Data shown =>

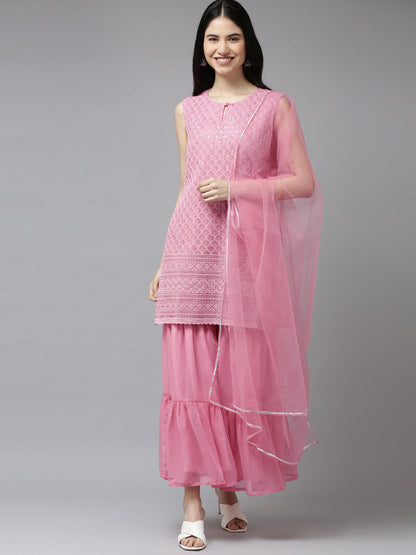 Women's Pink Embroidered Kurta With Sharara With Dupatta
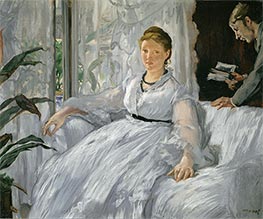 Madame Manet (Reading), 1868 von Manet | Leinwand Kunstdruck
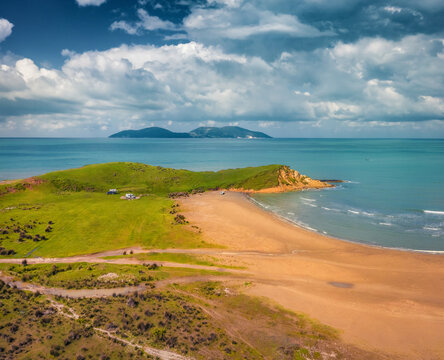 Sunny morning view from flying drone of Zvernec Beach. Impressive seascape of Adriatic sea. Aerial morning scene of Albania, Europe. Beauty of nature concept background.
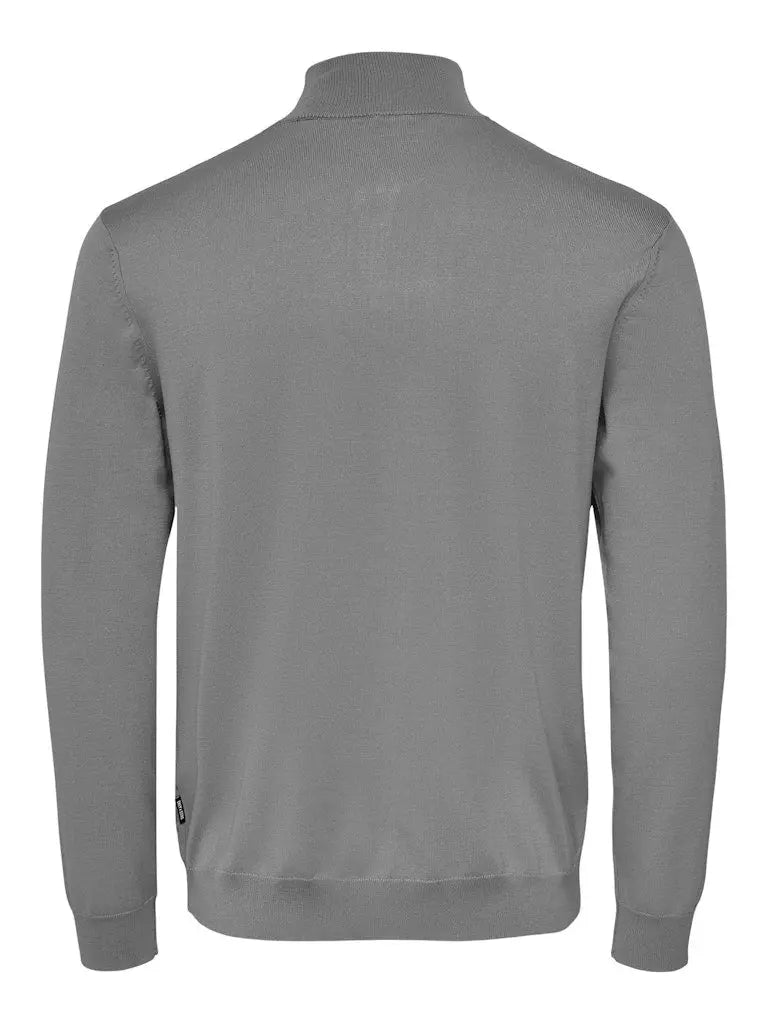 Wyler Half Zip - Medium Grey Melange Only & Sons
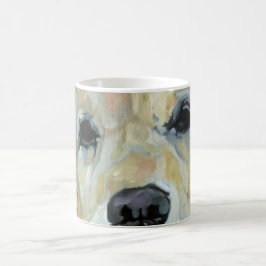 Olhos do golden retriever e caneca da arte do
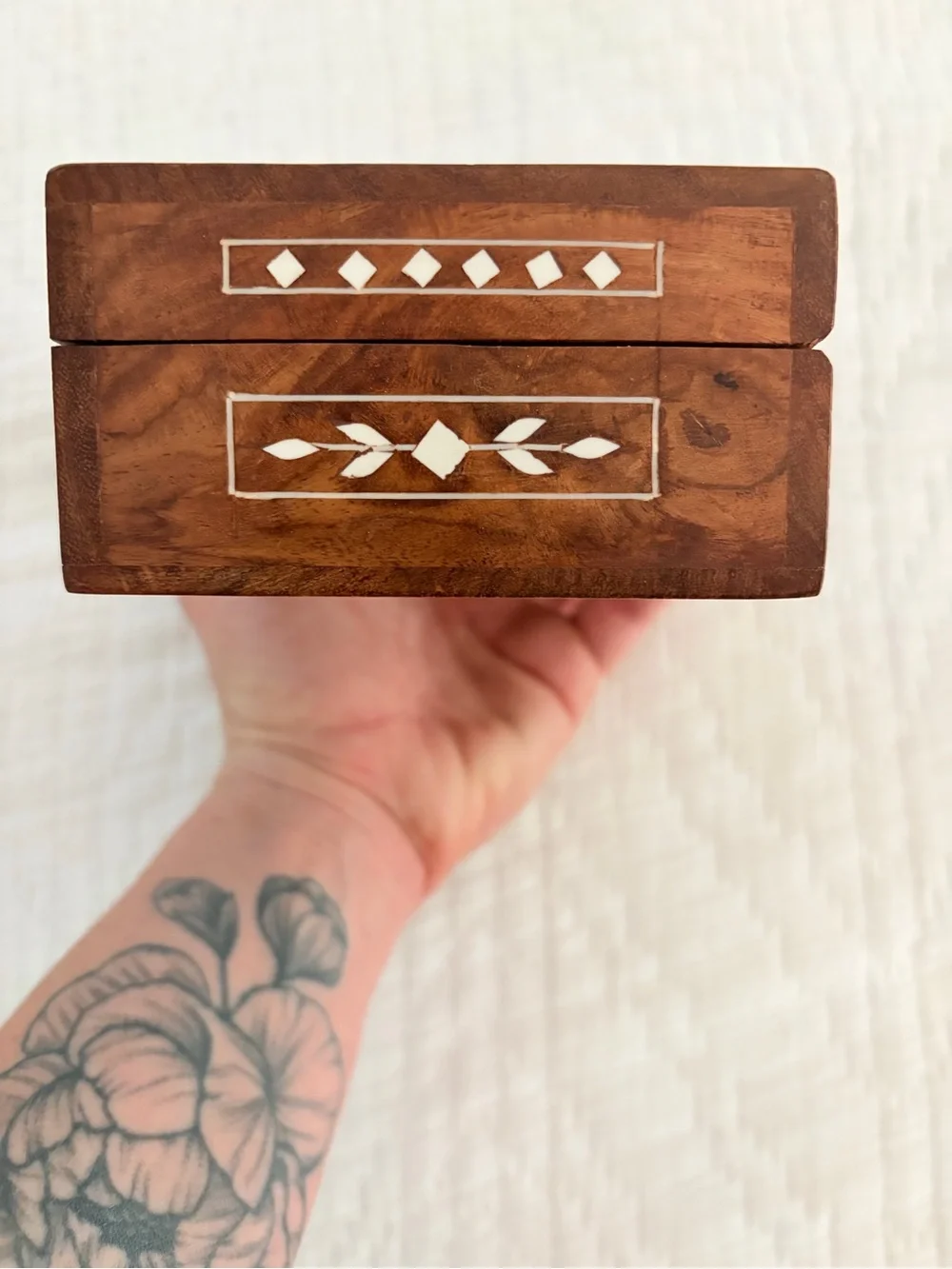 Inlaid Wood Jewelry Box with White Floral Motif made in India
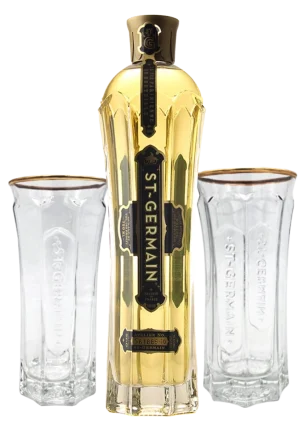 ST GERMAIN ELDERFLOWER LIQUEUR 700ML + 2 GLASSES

What is required => Output the records above exactly as they are, leaving out the pictures.

The completed task =>
 Women's Pink Embroidered Kurta With Sharara With Dupatta
 Madame Manet (Reading), 1868 von Manet | Leinwand Kunstdruck
 Sunny morning view from flying drone of Zvernec Beach. Impressive seascape of Adriatic sea. Aerial morning scene of Albania, Europe. Beauty of nature concept background.
 Wyler Half Zip - Medium Grey Melange Only & Sons
 Olhos do golden retriever e caneca da arte do
 Inlaid Wood Jewelry Box with White Floral Motif made in India
 ST GERMAIN ELDERFLOWER LIQUEUR 700ML + 2 GLASSES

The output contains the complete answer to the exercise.